Measurement of acoustic properties of porous materials with impedance tubes is a powerful common procedure. Top quality comercial systems are available and several international standards are published [7]. Acoustic pulse reflectometry is a more recent technique for reconstructing the profile of ducts and other waveguides using pulse reflections from unknown duct geometries [8]. Other techniques have been developed for determining the properties of porous materials, mainly laser vibrometry and acoustic excitation based methods [9]. However, the use of impedance tubes is not suitable for real time monitoring of wood properties in harsh environments like sawmills or for inspecting large wood structures noninvasively.

Wood species classification using impedance tubes, acoustic pulse reflectometry in the audible range or laser vibrometry is not reported in the literature, as far as we know. As an alternative technique to echolocation pulses, stress wave analysis using acoustic impact has been successfully used by our group to classify some wood species [10]. However, scanning pulse-echo methods are more suitable to study large sections of wood, like pillars and beams.

Human echolocation enables the perception of objects through reflected echoes. Certain sounds are more appropriate for human echolocation as they produce clearer echoes.
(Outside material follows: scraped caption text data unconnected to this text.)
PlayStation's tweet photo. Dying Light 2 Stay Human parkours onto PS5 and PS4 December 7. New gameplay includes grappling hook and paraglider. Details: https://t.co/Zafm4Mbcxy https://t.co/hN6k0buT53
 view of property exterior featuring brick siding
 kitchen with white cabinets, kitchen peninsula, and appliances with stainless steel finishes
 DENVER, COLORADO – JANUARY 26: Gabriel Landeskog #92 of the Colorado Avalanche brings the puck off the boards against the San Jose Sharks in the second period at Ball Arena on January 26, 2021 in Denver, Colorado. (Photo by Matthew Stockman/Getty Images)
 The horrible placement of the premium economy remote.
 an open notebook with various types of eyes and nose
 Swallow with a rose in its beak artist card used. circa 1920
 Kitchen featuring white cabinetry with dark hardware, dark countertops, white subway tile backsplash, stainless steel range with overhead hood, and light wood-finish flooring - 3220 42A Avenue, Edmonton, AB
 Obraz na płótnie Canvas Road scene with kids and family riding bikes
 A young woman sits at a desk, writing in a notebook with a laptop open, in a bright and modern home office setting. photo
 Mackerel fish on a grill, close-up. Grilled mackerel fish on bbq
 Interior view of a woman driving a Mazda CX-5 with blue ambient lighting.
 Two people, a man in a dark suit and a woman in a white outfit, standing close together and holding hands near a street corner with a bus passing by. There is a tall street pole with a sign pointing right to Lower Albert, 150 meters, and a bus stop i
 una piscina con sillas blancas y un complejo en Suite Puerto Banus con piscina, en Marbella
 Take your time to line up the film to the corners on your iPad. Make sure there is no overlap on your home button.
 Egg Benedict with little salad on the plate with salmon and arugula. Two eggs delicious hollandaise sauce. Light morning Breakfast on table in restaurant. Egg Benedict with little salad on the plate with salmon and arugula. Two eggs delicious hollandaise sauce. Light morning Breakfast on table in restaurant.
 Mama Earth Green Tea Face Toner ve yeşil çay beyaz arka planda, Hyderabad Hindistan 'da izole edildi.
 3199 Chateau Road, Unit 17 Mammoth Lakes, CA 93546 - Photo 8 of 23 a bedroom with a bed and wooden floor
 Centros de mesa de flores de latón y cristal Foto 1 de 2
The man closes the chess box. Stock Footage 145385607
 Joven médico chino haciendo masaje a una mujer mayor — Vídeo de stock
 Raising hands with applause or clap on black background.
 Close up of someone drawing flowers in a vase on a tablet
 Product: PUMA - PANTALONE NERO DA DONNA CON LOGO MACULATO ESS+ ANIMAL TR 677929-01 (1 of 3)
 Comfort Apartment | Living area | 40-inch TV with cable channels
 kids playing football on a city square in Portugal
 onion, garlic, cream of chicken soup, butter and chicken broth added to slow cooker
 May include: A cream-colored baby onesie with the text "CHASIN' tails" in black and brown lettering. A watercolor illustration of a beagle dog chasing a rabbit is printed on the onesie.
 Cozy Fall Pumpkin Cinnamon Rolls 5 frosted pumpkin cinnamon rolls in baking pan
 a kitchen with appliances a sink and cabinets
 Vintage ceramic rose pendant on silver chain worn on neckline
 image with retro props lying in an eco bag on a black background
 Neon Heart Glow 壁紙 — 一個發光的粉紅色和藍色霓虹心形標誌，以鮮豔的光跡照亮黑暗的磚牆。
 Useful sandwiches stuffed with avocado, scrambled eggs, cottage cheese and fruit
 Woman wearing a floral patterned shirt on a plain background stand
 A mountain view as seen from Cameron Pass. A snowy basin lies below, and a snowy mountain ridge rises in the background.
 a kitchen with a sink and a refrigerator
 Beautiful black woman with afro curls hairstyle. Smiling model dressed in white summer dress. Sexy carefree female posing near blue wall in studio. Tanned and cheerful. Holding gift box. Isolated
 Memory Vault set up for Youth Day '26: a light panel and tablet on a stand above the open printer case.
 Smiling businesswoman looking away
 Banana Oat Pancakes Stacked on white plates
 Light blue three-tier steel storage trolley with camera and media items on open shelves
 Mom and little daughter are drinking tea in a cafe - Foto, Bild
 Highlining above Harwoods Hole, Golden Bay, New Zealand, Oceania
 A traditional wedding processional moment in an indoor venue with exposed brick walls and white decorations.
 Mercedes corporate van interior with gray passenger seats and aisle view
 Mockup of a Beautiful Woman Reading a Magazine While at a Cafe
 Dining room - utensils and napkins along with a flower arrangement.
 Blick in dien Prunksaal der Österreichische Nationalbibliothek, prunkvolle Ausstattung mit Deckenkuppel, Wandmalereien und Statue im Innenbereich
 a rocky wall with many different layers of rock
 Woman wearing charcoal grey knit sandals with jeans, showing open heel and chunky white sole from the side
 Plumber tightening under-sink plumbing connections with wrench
Previous studies have shown that the waveform of human palatal pulses resembles almost perfect damped sinusoidal functions, very similar to an ordinary Bessel pulse [11, 12]. Biomimetic approaches based on echolocation offer enough flexibility to inspect in a nondestructive way any kind of wood structure with very little computational effort, if only relative measures are needed. If absolute measurements of acoustic parameters are necessary or accurate response functions through deconvolution are to be interpreted, this method turns much more complex.

In this case, we are interested in studying the feasibility of human echolocation pulses to identify different wood veneers using as simple as possible calculations both in the time and frequency domain. More complex and powerful approaches to pulse shaping and processing, like chirping and impulse response calculations, have not been tried in order to keep the interpretation of the results and the comparison with real human performance as simple as possible. Only tone and amplitude variations among the reflected echoes from different wood surfaces are considered. Calculation of impulse response functions is not studied because participants in echolocations experiments are only trained to recognize tonal and timbral differences between echoes from different surfaces using a relative and comparative approach.

Our main objective is not to compete with well-tested acoustic nondestructive methods, but to prove that, in principle, there are enough tonal and timbral differences among the echoes from different surfaces, so that human echolocators would be able to use these variations to identify such surfaces. It is not difficult to train humans to distinguish surfaces with very different acoustic properties, like steel, glass, wood, and cork. If only natural clicks are used, there would be doubts about the reproducibility of the pulses being the cause of the timbral variations. To minimize this difficulty we have opted for a dual approach, analyzing echoes from both natural and synthetic pulses. A complete study of human performance using a statistically significant number of participants, both blind and sighted, is not the purpose of the present work and will be the subject of future research. In this work, we want to prove using both artificial and natural clicks that human echolocation could be used in principle to identify certain complex surfaces such as wood. Naturally we have used a limited number of wood species with similar finish, but different physical properties.

Obviously, natural pulses are very difficult to reproduce. Even if we use advanced mathematical techniques to try to mimic the worst behaved oscillations, precisely these pulses are the most affected by loudspeaker distortions. After many trials and different mathematical fitness approaches, we have opted for an optimal smooth function fit to a mean of the best behaved natural clicks.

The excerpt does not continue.